═══ Records for this task ═══

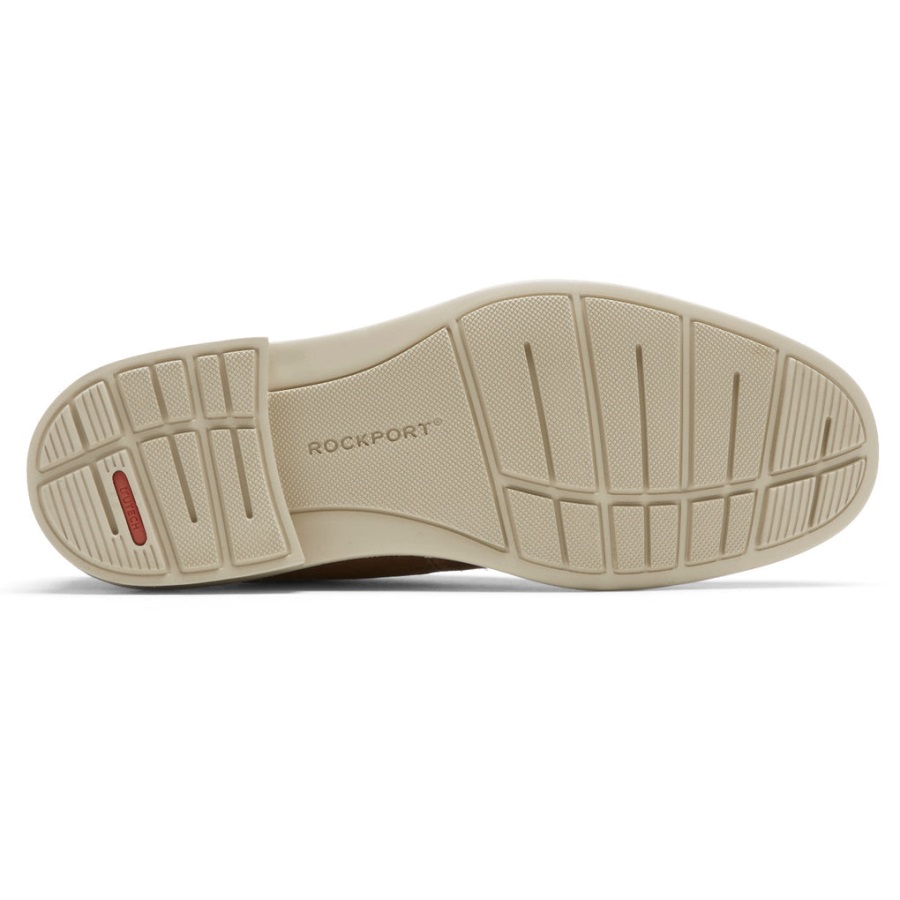 Rockport Erkek Bronzlaştırıcı Düz Burunlu Oxford Rahipler Bornozu - Görsel 3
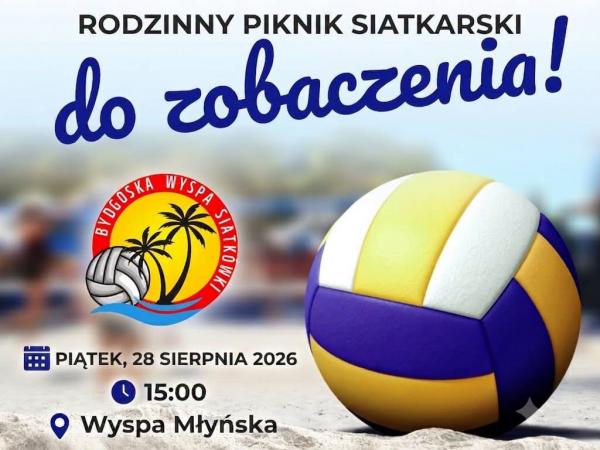 Szósta edycja Bydgoskiej Wyspy Siatkówki już w piątek 28 sierpnia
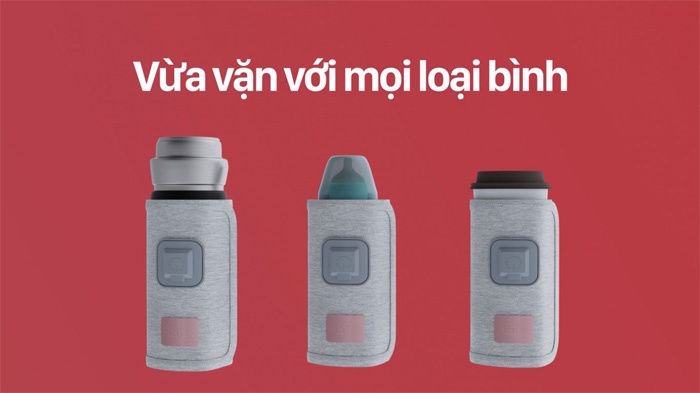 Dụng cụ hâm sữa xách tay Fatz Ready 1 FB3101TN hình 5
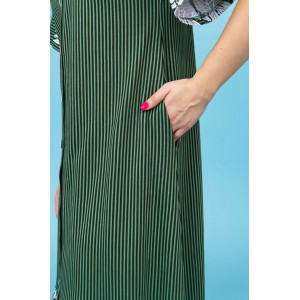 Платье женское 868 кулирка (р-ры: 44-58) хаки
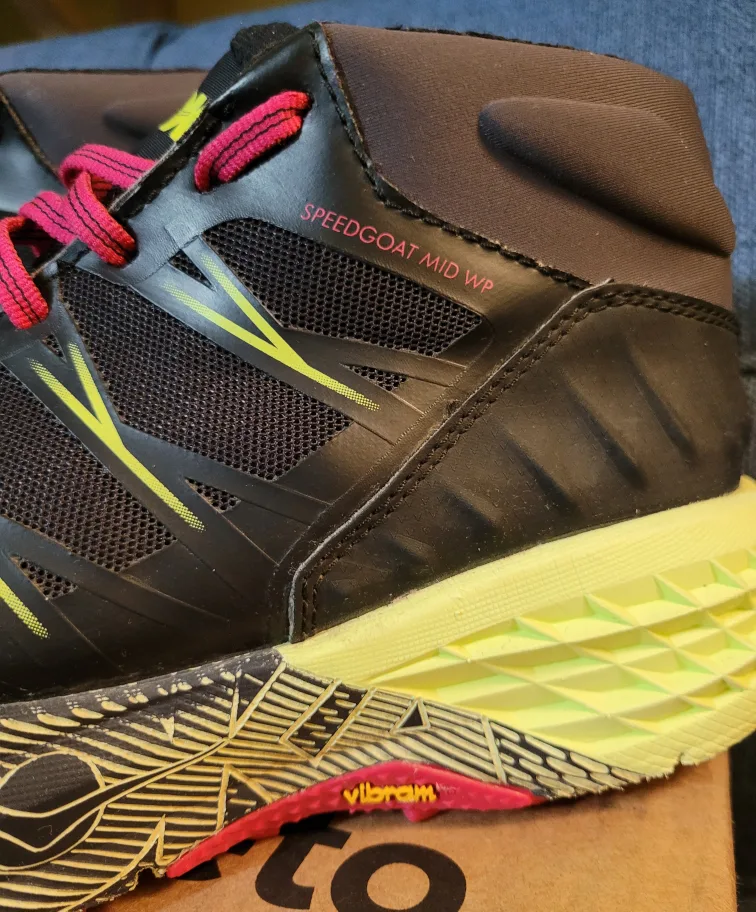 Hoka One One Speedgoat Mid WP Trail Running Shoes - Size 8 image indicator(3)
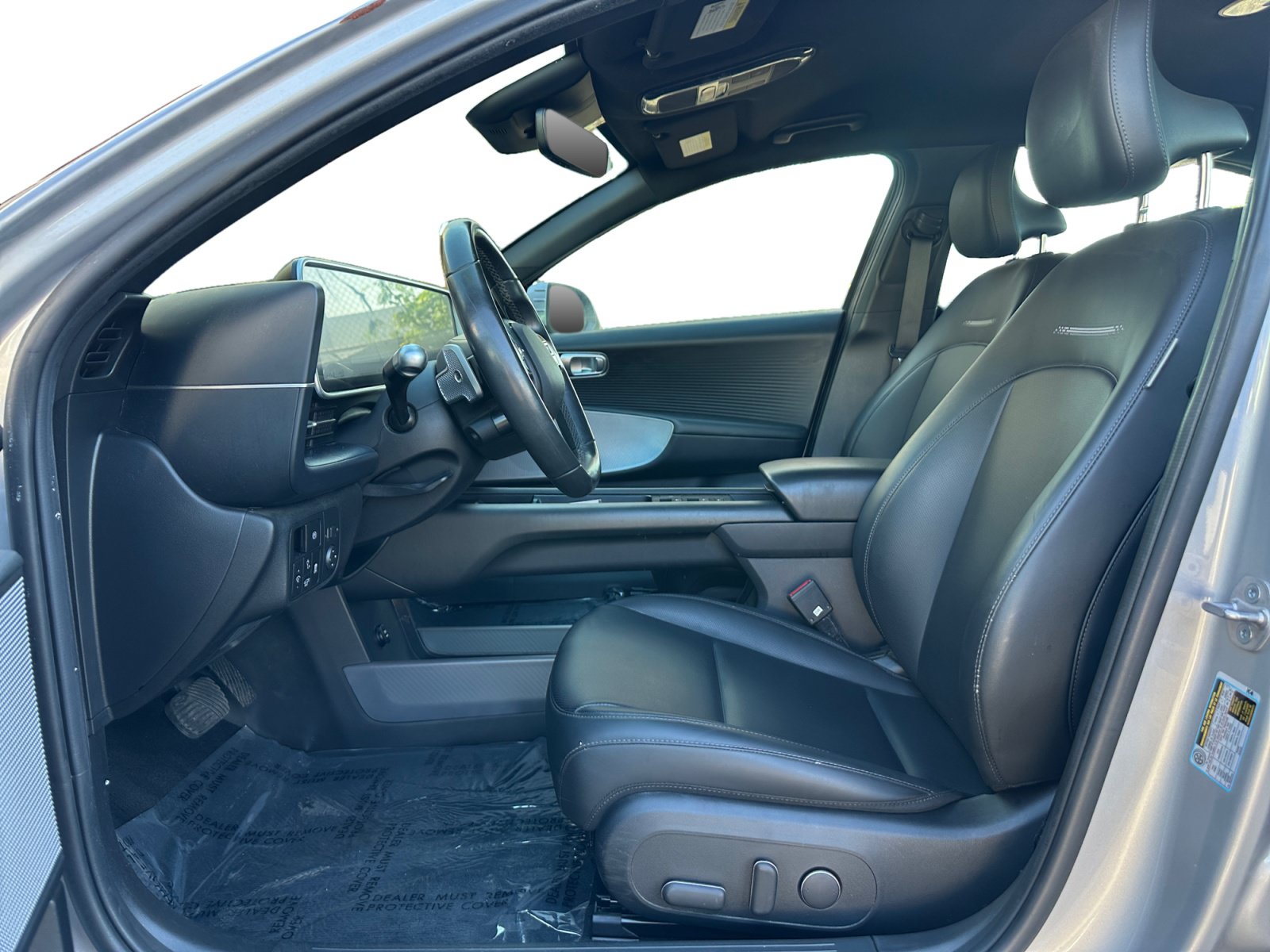 Used 2023 Hyundai Ioniq 6 SEL w/ Cargo Package RWD image 9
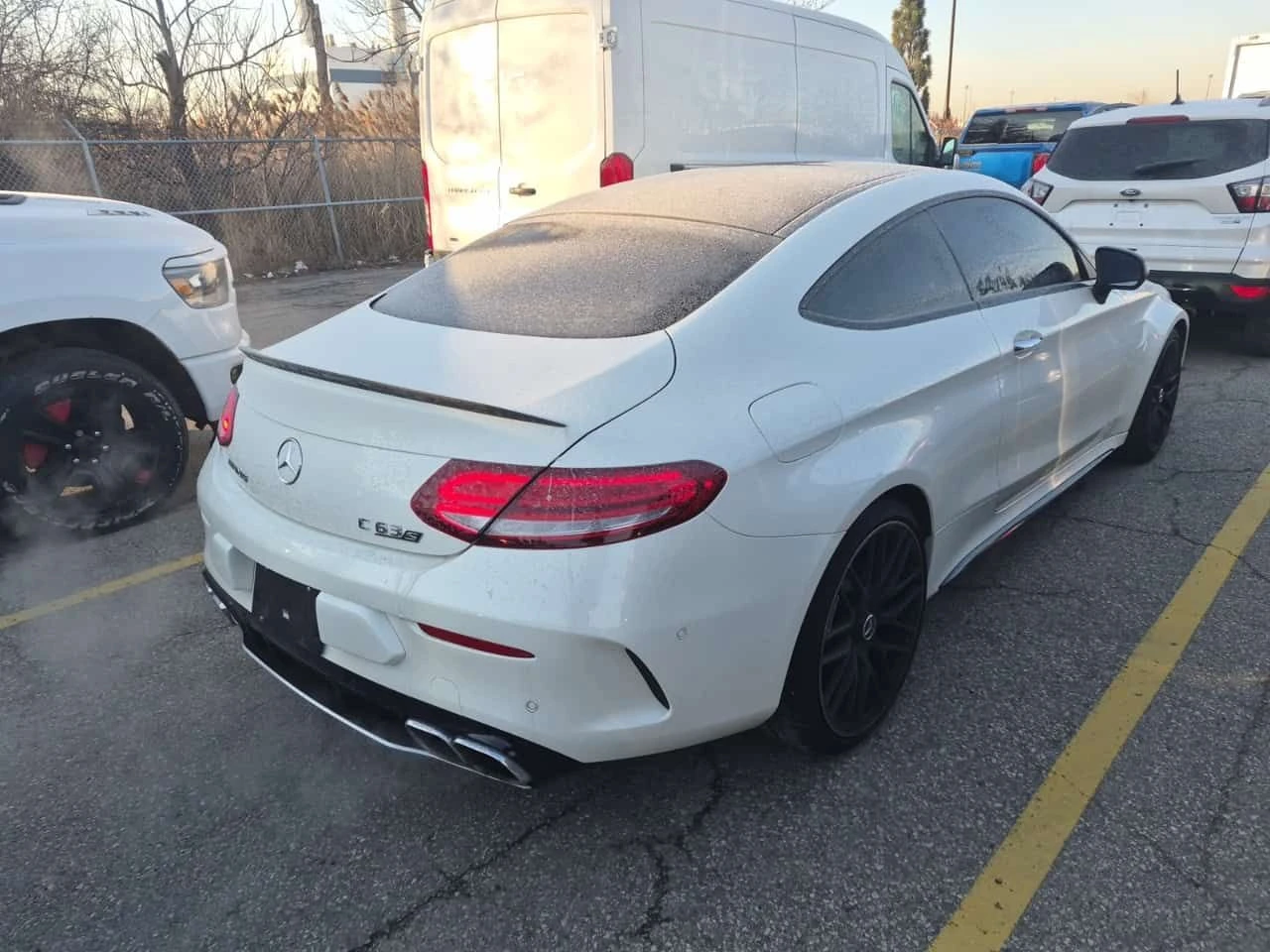 Mercedes-Benz C 63 AMG  S /360/DISTRONIC/3D BUMERSTER , снимка 3 - Автомобили и джипове - 54156562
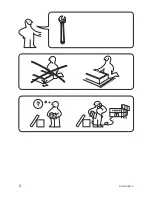 Предварительный просмотр 2 страницы IKEA FRITZ CHAIR Instructions Manual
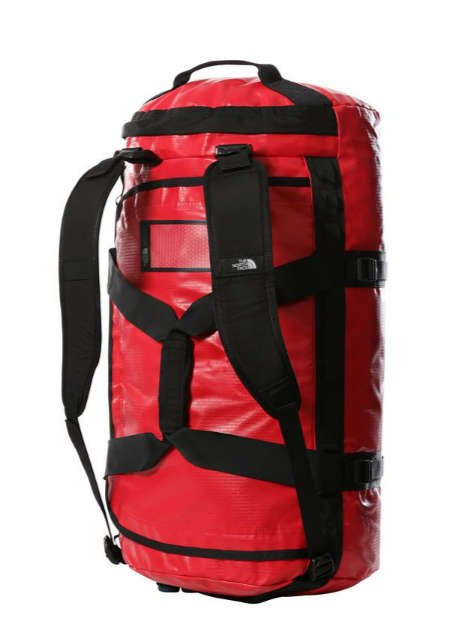 The North Face-Base Camp Duffel - M-Tnf Red / Tnf Black-M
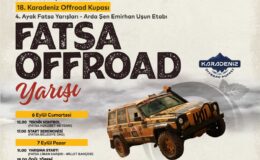 Fatsa’da Offroad heyecanı yaşanacak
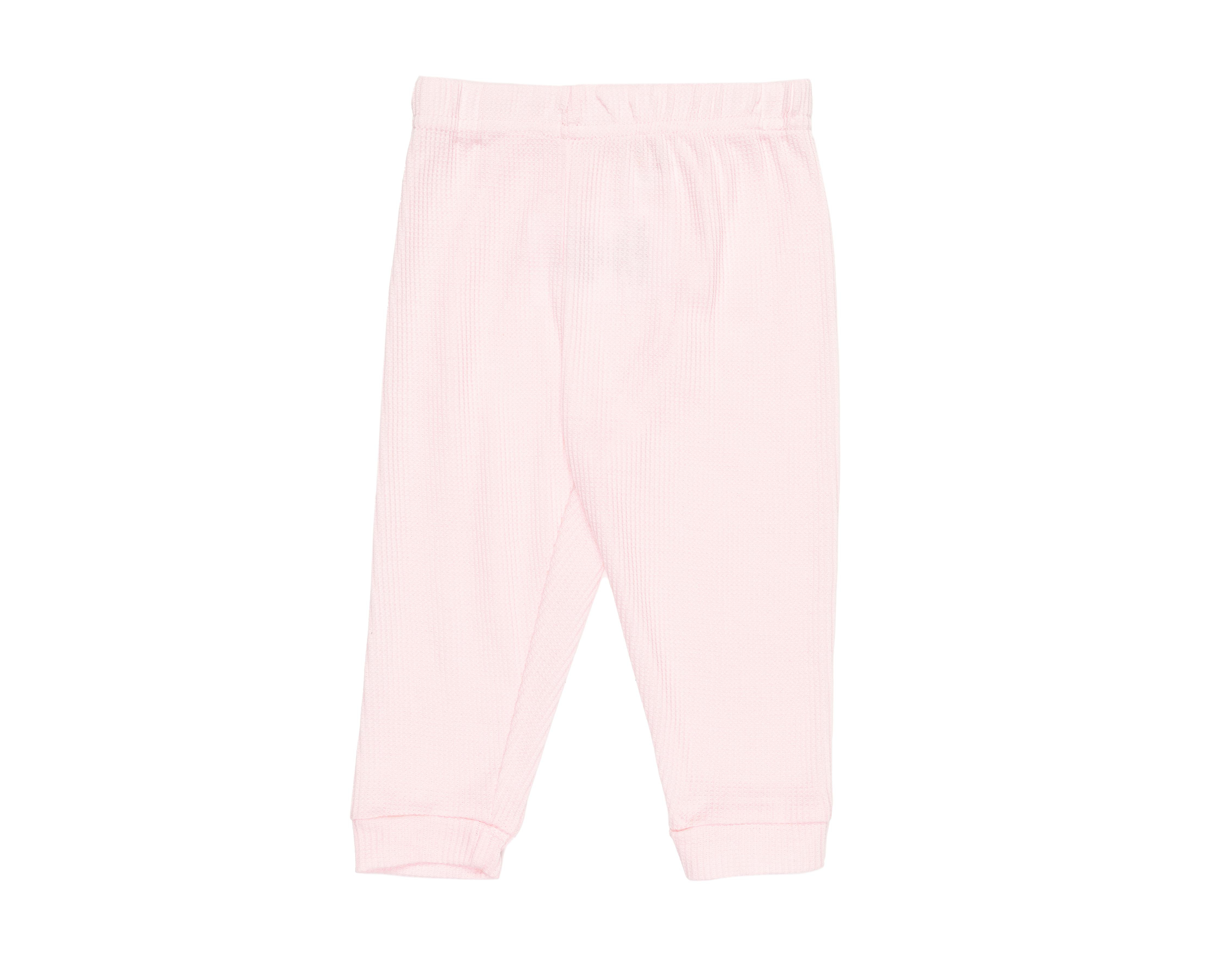 Foto 4 pulgar | Pantalón para Bebé Niña Baby Colors 3 Piezas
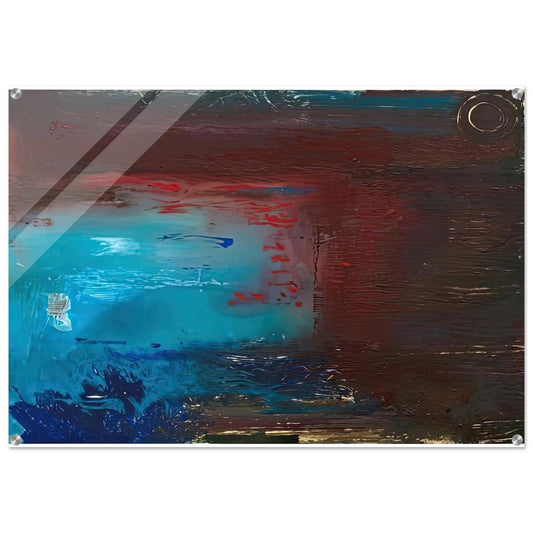 Borrowed Dream, 1992- - Helen Frankenthaler Acrylic Print - 70x100 cm / 28x40″ inches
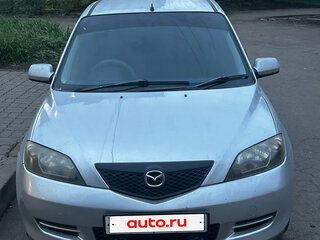 2002 Mazda Demio II (DY), серый, 350000 рублей, вид 4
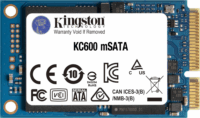 Kingston 256GB KC600 mSATA SSD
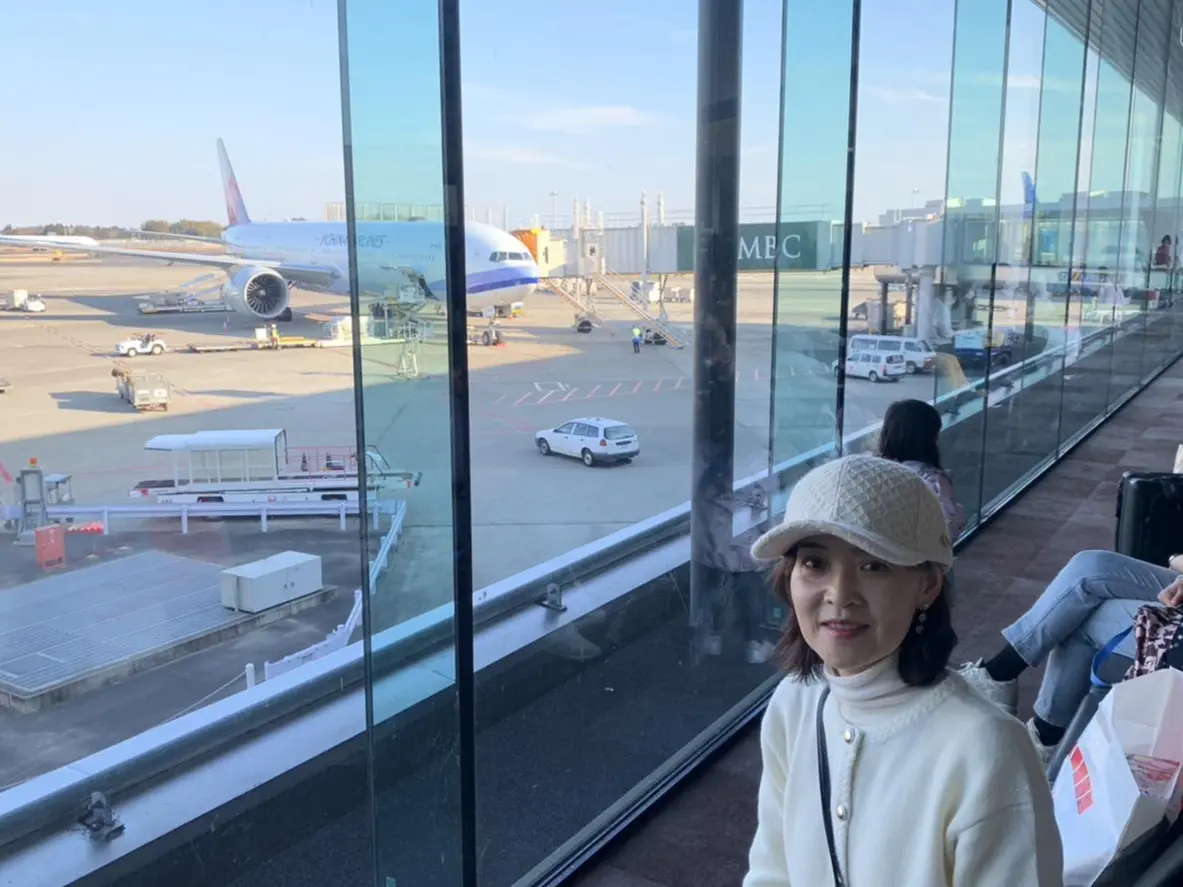 成田空港搭乗口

═══

Transcribe only the lines above that start at the line containing "Платье женское 868" and end at the line containing "Mercedes-Benz C 63". Omit pictures.

→ **Solution below**:
 Платье женское 868 кулирка (р-ры: 44-58) хаки
 Hoka One One Speedgoat Mid WP Trail Running Shoes - Size 8 image indicator(3)
 Used 2023 Hyundai Ioniq 6 SEL w/ Cargo Package RWD image 9
 Mercedes-Benz C 63 AMG  S /360/DISTRONIC/3D BUMERSTER , снимка 3 - Автомобили и джипове - 54156562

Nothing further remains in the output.